→ Task to carry out
Here is a listing. Write it out again without a single difference.

=== Begin Enclosure ===

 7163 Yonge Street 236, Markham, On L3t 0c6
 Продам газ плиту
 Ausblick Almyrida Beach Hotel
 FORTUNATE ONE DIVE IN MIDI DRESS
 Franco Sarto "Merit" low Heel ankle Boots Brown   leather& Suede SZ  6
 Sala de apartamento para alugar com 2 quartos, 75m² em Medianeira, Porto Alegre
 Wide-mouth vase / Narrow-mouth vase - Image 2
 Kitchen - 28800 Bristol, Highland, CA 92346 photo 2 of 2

=== End Enclosure ===

→ Written solution
 7163 Yonge Street 236, Markham, On L3t 0c6
 Продам газ плиту
 Ausblick Almyrida Beach Hotel
 FORTUNATE ONE DIVE IN MIDI DRESS
 Franco Sarto "Merit" low Heel ankle Boots Brown   leather& Suede SZ  6
 Sala de apartamento para alugar com 2 quartos, 75m² em Medianeira, Porto Alegre
 Wide-mouth vase / Narrow-mouth vase - Image 2
 Kitchen - 28800 Bristol, Highland, CA 92346 photo 2 of 2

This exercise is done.